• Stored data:
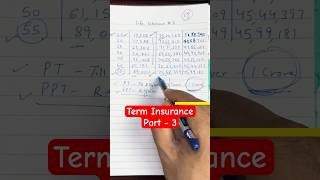 Term Insurance Premium  Real Cost everypaisamatters [upl. by Steffi]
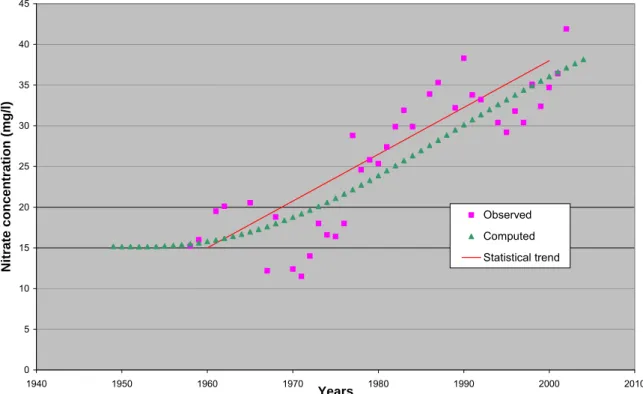 Figure 7: Comparison between the computed and observed time evolution of nitrate  concentration in the well H7 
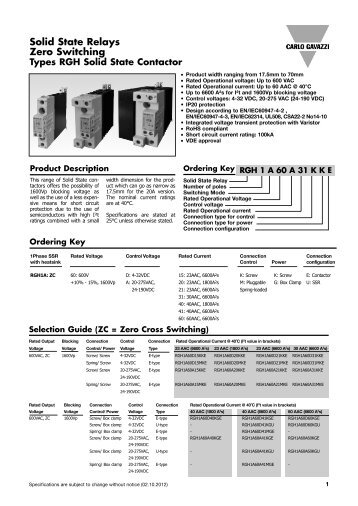 RGH Series - Carlo Gavazzi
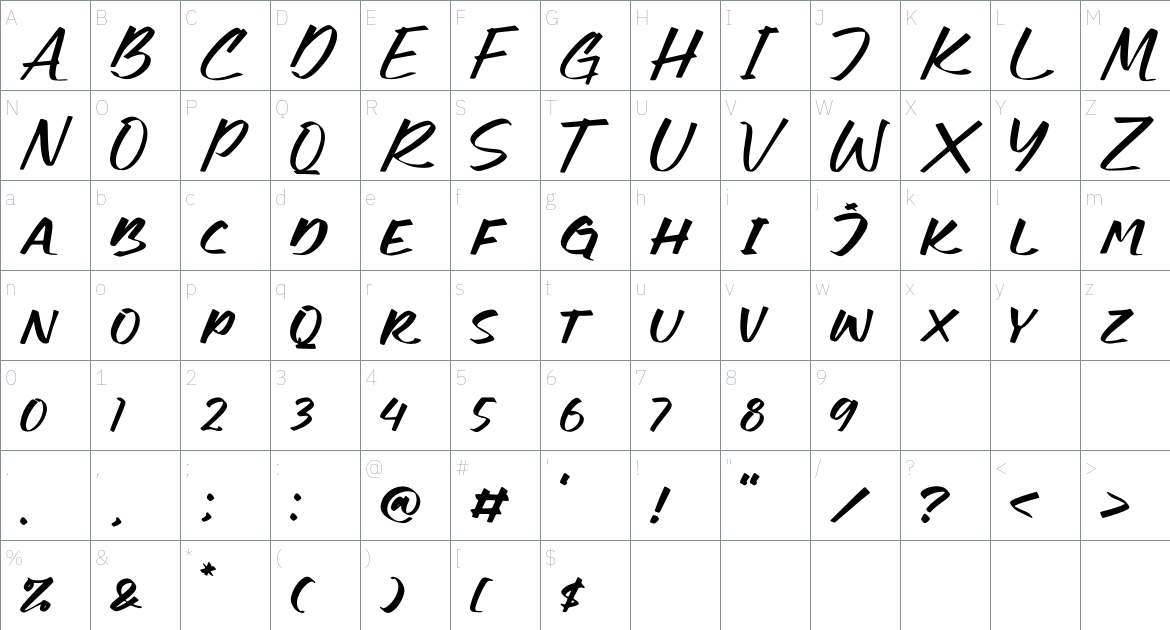 Abnormal font Character Map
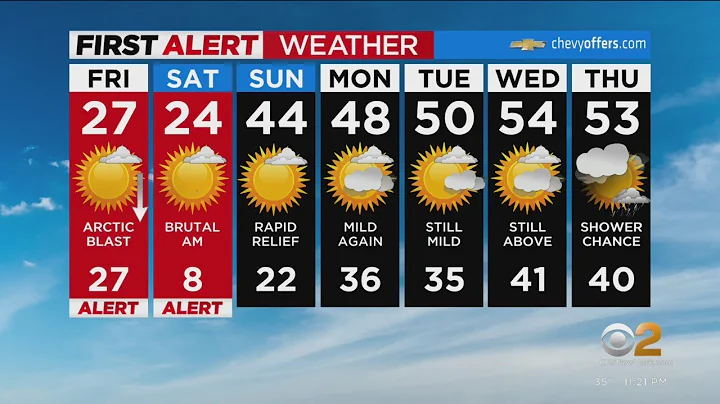 Red Alert issued for cold air, strong wind in Tri-State Area on Friday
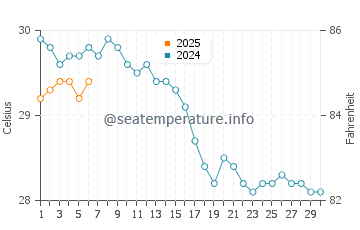 Temperatura del agua en Tasucu en septiembre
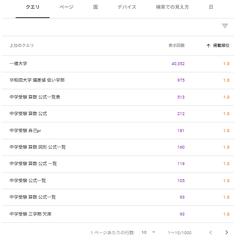 【SEO対策】教育業界サイトのSEO対策を担当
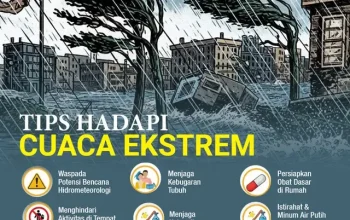Cuaca Ekstrem dan Infeksi Saluran Kemih yang Mengancam, Serta Persiapan Piala Dunia di New Jersey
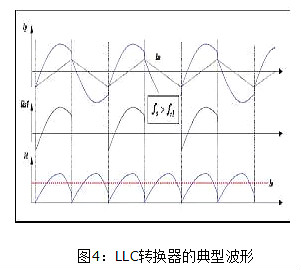 LLC,MOSFET,二极管,变压器 LLC,MOSFET,二极管,变压器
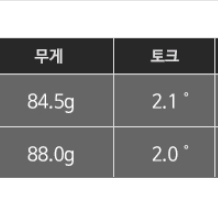 NSPRONEO850 S 아이언샤프트(5-P)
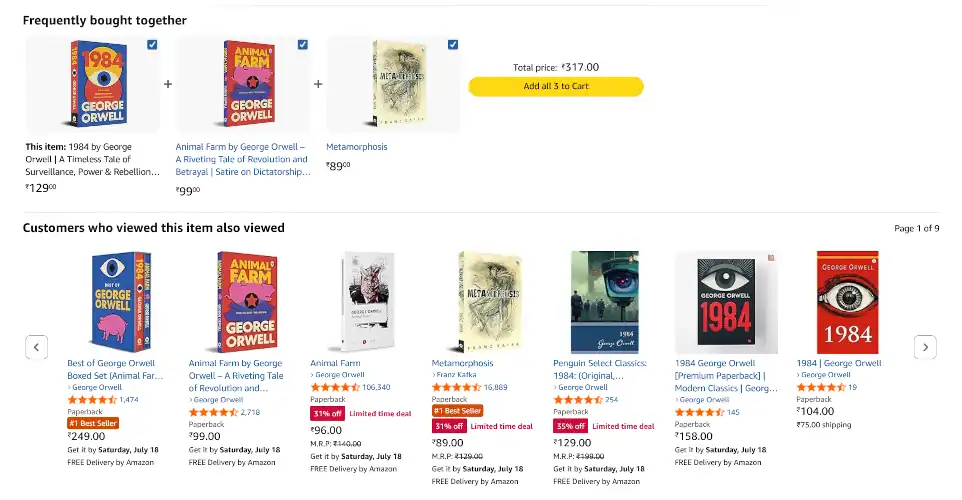 amazon frequently bought together kits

• Problem requirements:
Reproduce the lines from the one with "LLC,MOSFET,二极管,变压器 LLC,MOSFET,二极管,变压器" through the end of the data, keeping both end lines, adding nothing, and dropping any pictures.

• Task result:
 LLC,MOSFET,二极管,变压器 LLC,MOSFET,二极管,变压器
 NSPRONEO850 S 아이언샤프트(5-P)
 amazon frequently bought together kits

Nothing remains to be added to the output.